— What to work on —
A faithful copy of every entry is the goal; keep the images out of it.

— The data —
--- --- ---

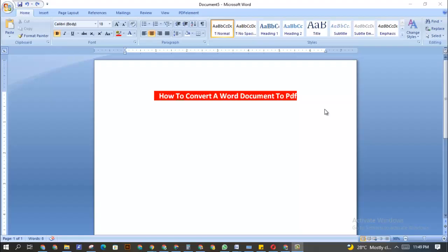Hi, hello guys, welcome to my channel. In this video I'm going to show you how to convert a Word document to PDF without using any external software or online tools. I'm going to show you how to use an embedded feature which is inside every Microsoft Office by itself.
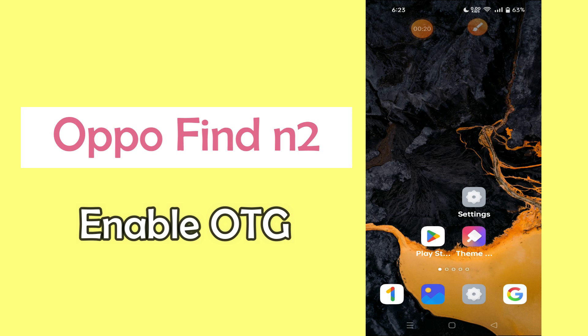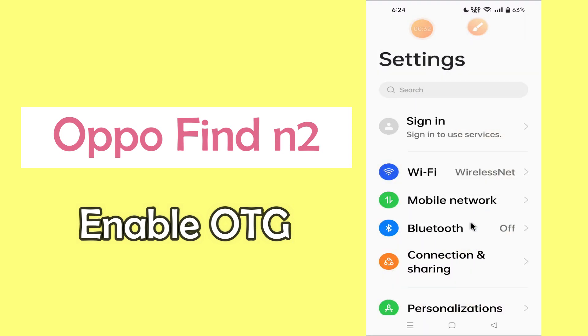But before we start the video, if you are new to my channel, don't forget to hit the red subscribe button and the bell icon to stay updated. Now watch this video and you will learn how to enable OTG in Oppo Find N2.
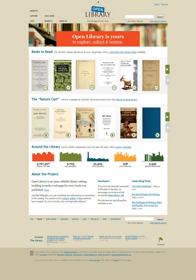Open Library is an online project intended to create one web page for every book ever published. Created by Aaron Swartz, Brewster Kahle, Alexis Rossi, Anand Chitaipothu, and Rebecca Malamud, Open Library is a project of the non-profit Internet Archive and has been funded in part by a grant from the California State Library and the Kahle-Austin Foundation.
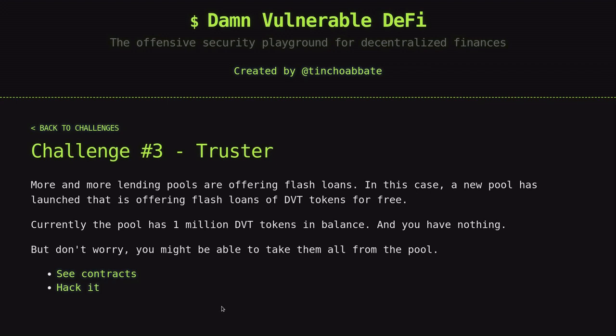Hello DeFi hackers. Today we're going to be completing challenge number 3 of Damn Vulnerable DeFi. Let's take a look at the challenge — what's the setup and what is the winning condition?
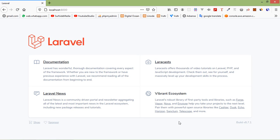Hi everyone, welcome back to the Laravel 8 tutorial. In this video we are going to learn about Livewire file upload — how we can upload a file in Livewire.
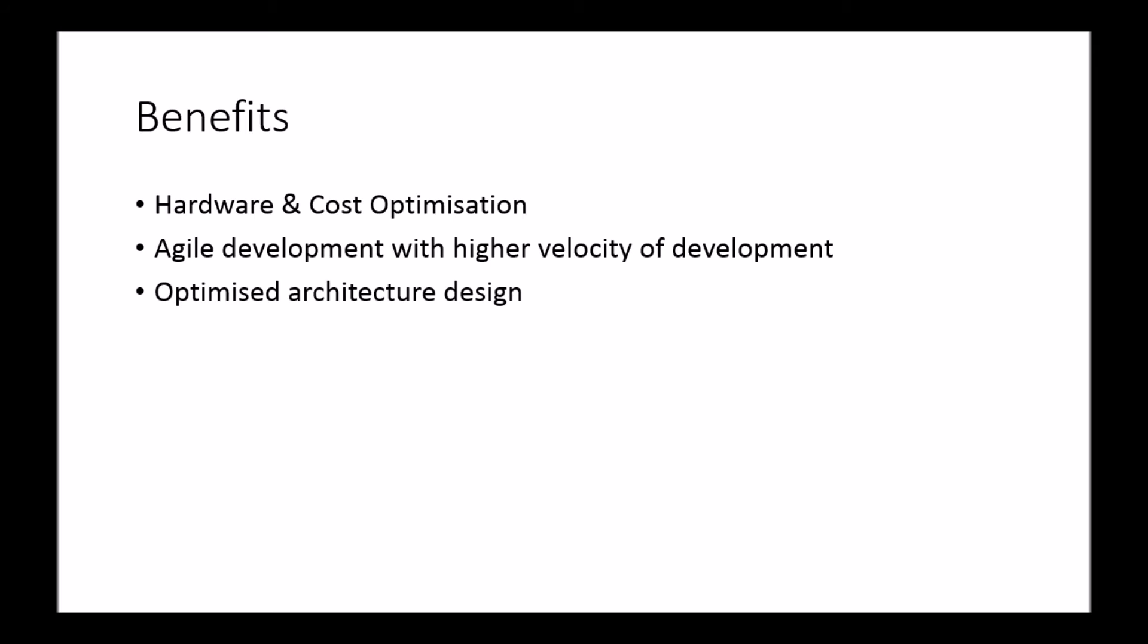But broadly, these are the top three reasons why you would look at a technology like Docker. So as we discussed, since containerization technology allows you to run a lot more instances on the same hardware,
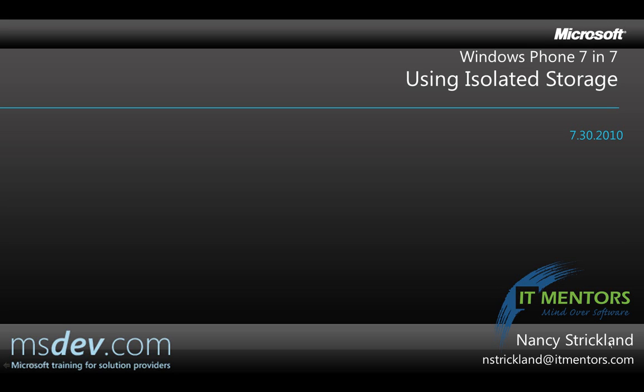Hello, my name is Nancy Strickland and in the next seven minutes I'm going to tell you about using isolated storage in a Windows Phone 7 application.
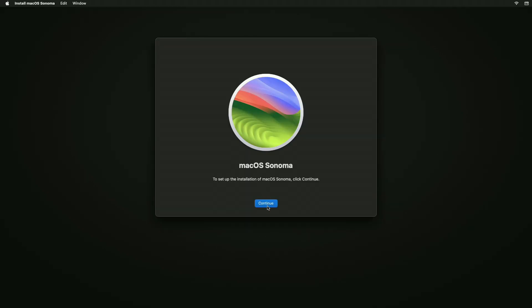As you can see, we successfully booted to macOS Sonoma installer.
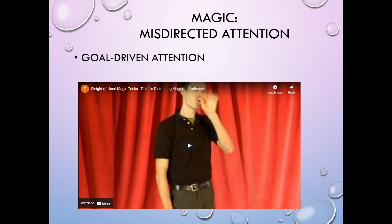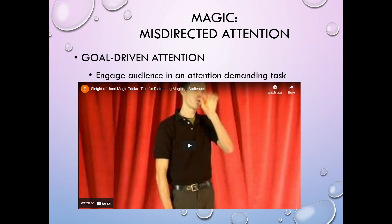Another thing that magicians will use is goal-driven attention, where they get the audience to engage in some kind of demanding task so that their attention is on that instead of on what's being done in the trick. With goal-driven attention, a magician can — we think we're helping him out or that we're going to catch him in something as we're engaging in this attention-demanding task, when in fact the trick is going to be done over here where we're not looking.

--- --- ---

— Answer space —
Hi, hello guys, welcome to my channel. In this video I'm going to show you how to convert a Word document to PDF without using any external software or online tools. I'm going to show you how to use an embedded feature which is inside every Microsoft Office by itself.
But before we start the video, if you are new to my channel, don't forget to hit the red subscribe button and the bell icon to stay updated. Now watch this video and you will learn how to enable OTG in Oppo Find N2.
Open Library is an online project intended to create one web page for every book ever published. Created by Aaron Swartz, Brewster Kahle, Alexis Rossi, Anand Chitaipothu, and Rebecca Malamud, Open Library is a project of the non-profit Internet Archive and has been funded in part by a grant from the California State Library and the Kahle-Austin Foundation.
Hello DeFi hackers. Today we're going to be completing challenge number 3 of Damn Vulnerable DeFi. Let's take a look at the challenge — what's the setup and what is the winning condition?
Hi everyone, welcome back to the Laravel 8 tutorial. In this video we are going to learn about Livewire file upload — how we can upload a file in Livewire.
But broadly, these are the top three reasons why you would look at a technology like Docker. So as we discussed, since containerization technology allows you to run a lot more instances on the same hardware,
Hello, my name is Nancy Strickland and in the next seven minutes I'm going to tell you about using isolated storage in a Windows Phone 7 application.
As you can see, we successfully booted to macOS Sonoma installer.
Another thing that magicians will use is goal-driven attention, where they get the audience to engage in some kind of demanding task so that their attention is on that instead of on what's being done in the trick. With goal-driven attention, a magician can — we think we're helping him out or that we're going to catch him in something as we're engaging in this attention-demanding task, when in fact the trick is going to be done over here where we're not looking.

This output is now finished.